La riforma della giustizia approvata alla Camera non è stata accolta benissimo dal M5s – come ovvio che sia, dato che è stato modificato l’impianto della precedente legge Bonafede – ma anche gli altri partiti hanno cercato fino all’ultimo di modificare assieme alla Ministra Marta Cartabia alcuni punti nodali del testo. Prima dell’arrivo al Senato dopo la ripresa del Parlamento, la responsabile Giustizia della Lega Giulia Bongiorno spiega a “Libero Quotidiano” i punti sui quali bisognerà lavorare nei prossimi mesi, ma anche la sostanziale fiducia che il Carroccio ripone nella Guardasigilli.
«Il punto è che la riforma Cartabia è solo l’inizio», sottolinea Bongiorno, «un piccolo passo, una parte della grande riforma chiamata a rivoluzionare la giustizia: riguarda le regole organizzative, i tempi dei processi, le modalità di esecuzione della pena, il personale, la digitalizzazione… ma non interviene sui protagonisti dei processi.
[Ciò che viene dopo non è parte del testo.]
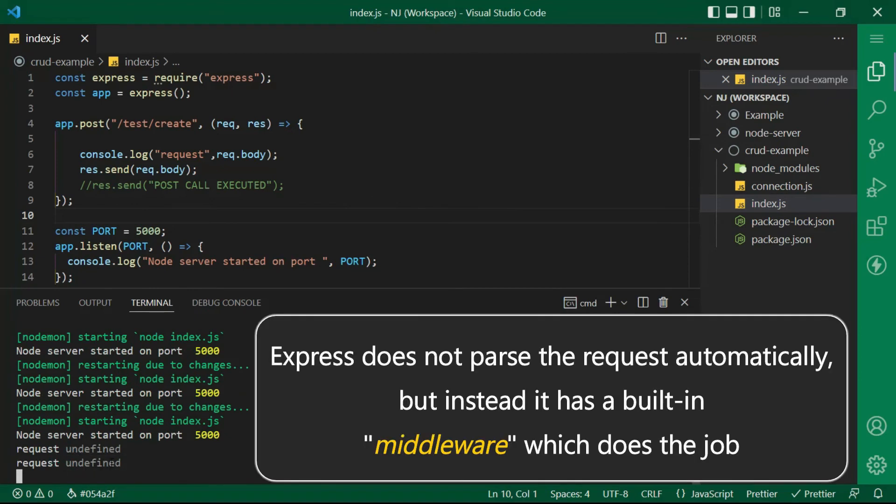That's because Express does not parse the request automatically but instead it has a built in middleware which does the job.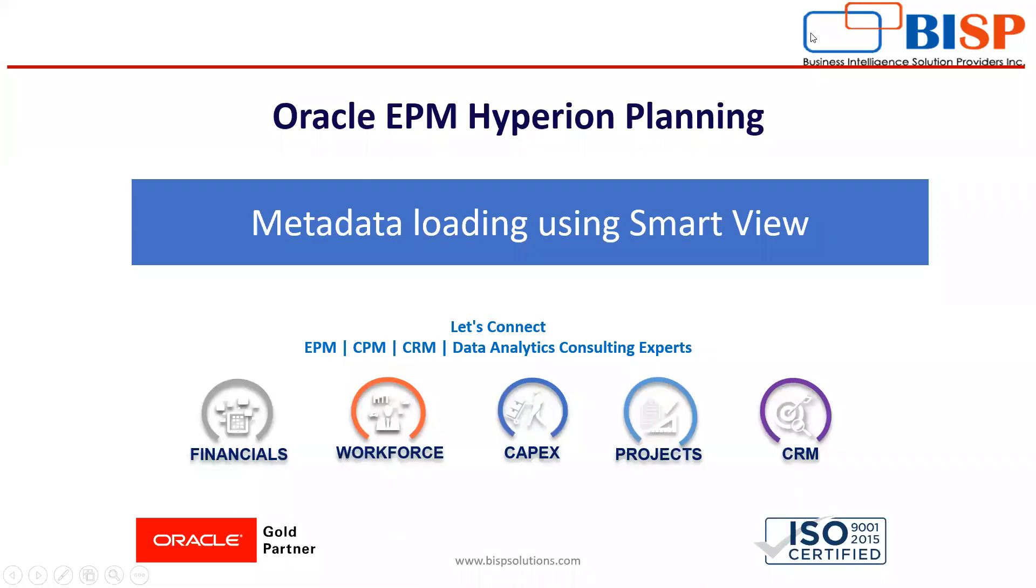Hello and welcome to BISP Solution. My name is Ankita. Today's topic is metadata loading using Smart View.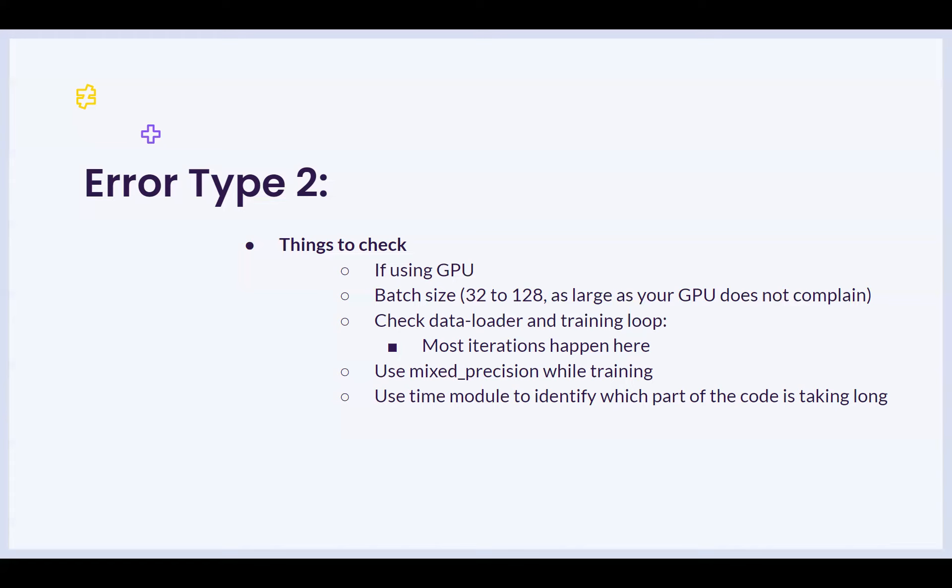Most of the iterations that happen are in the data loader in the training loop, wherein when the code is running, the loop might be running millions of times. It would make sense to go through this code before making the model run completely, so that each iteration is being done in a reasonable amount of time, and so that these millions of iterations do not take a long time and are in fact leading to the slow epoch run time.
E invece è su questo aspetto che si deve lavorare». Insomma, l’input da dare ancora al tema giustizia può essere raggiunto dai referendum presentati da Lega e Radicali, ma non solo: «Si deve anche pensare a un nuovo esame per l’accesso alla professione forense e a un nuovo concorso in magistratura, mentre stiamo già raccogliendo le firme su referendum che permetteranno di rivedere i rapporti tra funzione requirente e funzione giudicante».
COSA SUCCEDERÀ DOPO LA RIFORMA CARTABIA
Tutt’altro che una riforma “annacquata”, secondo Giulia Bongiorno il testo della Ministra Cartabia è l’inizio di lungo percorso che per la Lega va nella giusta direzione garantista: «La riforma Cartabia si fonda invece sulla necessità di dare tempi certi ai processi, maggiori garanzie agli imputati e un respiro più ampio al ruolo del Parlamento, che indicherà i criteri generali necessari ad assicurare efficacia e uniformità nell’esercizio dell’azione penale e nella trattazione dei processi». I prossimi passi riguardano la parità delle parti, abolendo il retaggio del sistema inquisitorio che finora ha impedito una vera «svolta liberale» nel mondo della giustizia italiana: «La maggior parte dei magistrati sono donne e uomini perbene, che studiano molto e decidono in modo imparziale. Purtroppo ce ne sono altri non all’altezza della loro funzione, e quanto apparso sui media ha inciso su tutti. Conosco magistrati retti che, se si chiede loro che mestiere fanno, preferiscono rispondere di essere dipendenti pubblici. Serve una svolta che valorizzi il merito, non l’appartenenza alle correnti. I referendum possono essere l’inizio di un cambiamento». La separazione delle carriere, in particolare, è l’elemento sui cui punta forte il referendum sulla giustizia a cui hanno collaborato Lega e Radicali nella stesura: Bongiorno cita Giovanni Falcone quando ammoniva, «il pm nel dibattimento non deve avere nessun tipo di parentela col giudice e non essere, come invece oggi è, una specie di para-giudice. Il giudice, in questo quadro, si staglia come figura neutrale, non coinvolta, al di sopra delle parti. Contraddice tutto ciò il fatto che, avendo formazione e carriere unificate, con destinazioni e ruoli intercambiabili, giudici e pm siano, in realtà, indistinguibili». Nel dialogo con Pietro Senaldi su “Libero”, l’avvocatessa di Matteo Salvini rivendica l’aver contrastato la legge Bonafede che aboliva la prescrizione – neutralizzata da Cartabia ora – fin dal primo Governo Conte: «dopo una lunga discussione con Di Maio e Bonafede congelammo l’entrata in vigore della norma, subordinandola a una riforma del processo penale che potesse incidere sui tempi. Se Bonafede non avesse accelerato il processo noi ci saremmo opposti all’entrata in vigore, anche lasciando il governo».